My only regret, the distance from family that had once been a little closer.
Last September I started a course at an Evening College in London, it was titled ‘Ministry School Advanced’ I felt way out of my depth even looking at an ‘advanced’ level anything but this was another life changing moment that God had planned in the transition. A new world suddenly opened up. I began learning about the Bible, for real! It began living. I soaked up this goodness that was being taught and found myself excited to share it with others.
Late night conversations returning home would often begin with ‘Guess what I learnt today..’ Even passengers on the train home weren’t safe from the conversations and debates that over-spilled from class.
I was experiencing the love of God, in a different form.
I thought at one point this new phase of my life started a year ago, but I’ve begun to realise it was before that. On returning from Nigeria I was talking to a friend about how I was feeling so unsettled with everything. I didn’t have much of an interest in picking up things that I’d done before I left. I didn’t feel like I fit anymore. I felt like God had me waiting on something.
Even in my testimony before going to Africa I had mentioned how I’d become uncomfortably comfortable in church.
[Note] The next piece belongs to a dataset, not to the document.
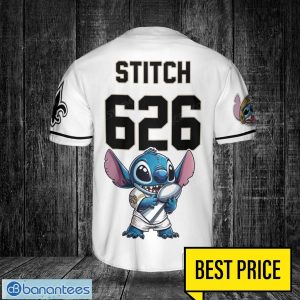 New Orleans Saints Lilo and Stitch Champions White Baseball Jersey Shirt For Fans Unique Gift Custom Name Number Product Photo 3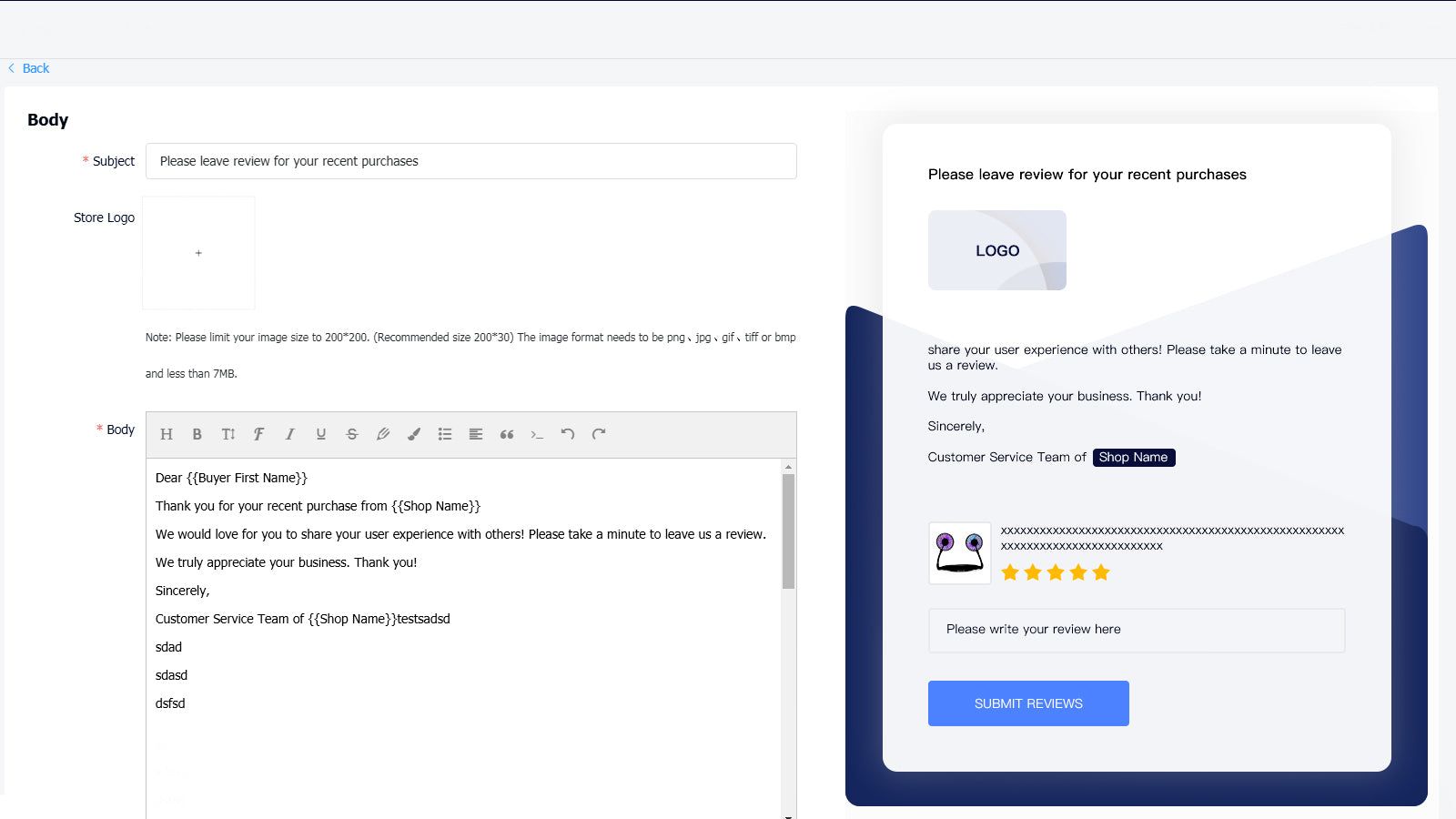 Email customers automatically and ask them to leave reviews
A comfort that induced laziness and no necessity to really go anywhere or do anything outside the building.
The turning point was when I headed to a conference that housed over 20,000 people from all different walks of life and church backgrounds. As I sat and re experienced the love of God, of a father who cared for me and wanted so much more for me I began thinking dangerous thoughts.
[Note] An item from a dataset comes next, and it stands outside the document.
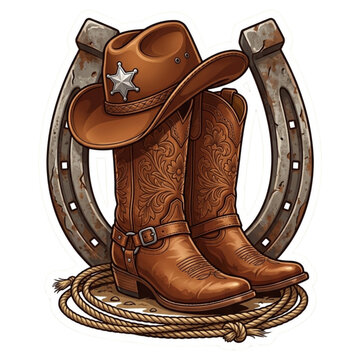 Western Cowboy Sticker Design with Boots and Lasso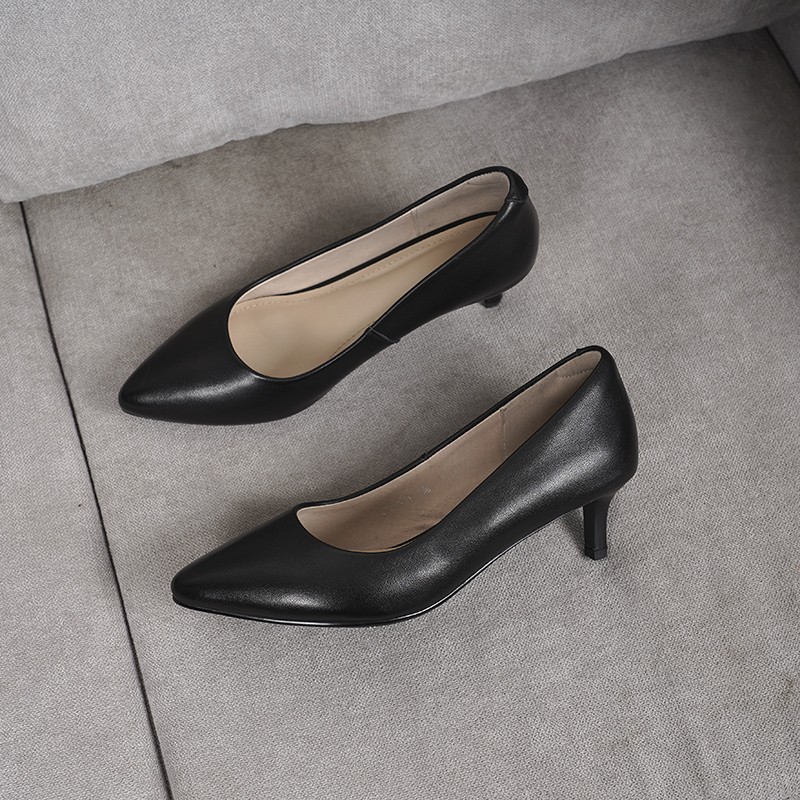 小跟女鞋真皮春季低跟3-5cm高跟鞋女士皮鞋浅口大码细跟矮跟工鞋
What if I wasn’t in the right place? What if there was a move coming – and that didn’t mean a move abroad? What if it was a move closer to heart and home?
Was I really brave enough to allow God to lead me where my trust was without borders?
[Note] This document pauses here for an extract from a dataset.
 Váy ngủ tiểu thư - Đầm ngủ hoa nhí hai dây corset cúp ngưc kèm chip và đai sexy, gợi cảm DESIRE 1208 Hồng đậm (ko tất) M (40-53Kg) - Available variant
I let this simmer over the summer as I sought after what God was trying to tell me, I truly left that conference fired up to change the world but as the embers faded and I returned to ‘normal’ life I became desperately hungry for the teaching I had experienced.
I prayed God would confirm what I dared to think in my heart. He did.
That walk away would be one of the most honest, hard and awkward things I had ever done. But I wasn’t alone. He carried me through.
I prayed as I wrote my resignation ‘Lord, if this is meant to be, let me find the words.’ A final ‘fleece’ of confirmation was pulled from under me as the words flew onto the screen.
I was apprehensive about the fall-out, the repercussions and the questions. I was beginning to feel the weight I had pinned on what others thought about me and not anchored in what God knew about me.
It wasn’t perfect, it wasn’t a neat little happy ending, but then what endings are?
I remember at the time a friend saying ‘there’s always a way back.’ While I appreciated the love in the comment, I knew in my heart that back wasn’t a way I was going.
It puts me in mind of a song:
‘I’ve tasted and seen, of the sweetest of loves, where my heart becomes free and my soul is undone.’
That’s the only way I can describe what I was feeling. When I entered the building of what is now my new church I was hit with a massive sign at the front that simply stated. ‘Welcome Home.’
In those moments it didn’t feel like home yet, but the idea of being at home struck deep. Gradually church felt smaller, I began seeing familiar faces in the 2,000 strong first service congregation. When I finally felt called to join a team I realized I could no longer wander into the building and choose to be invisible, I couldn’t claim to be an invited guest anymore.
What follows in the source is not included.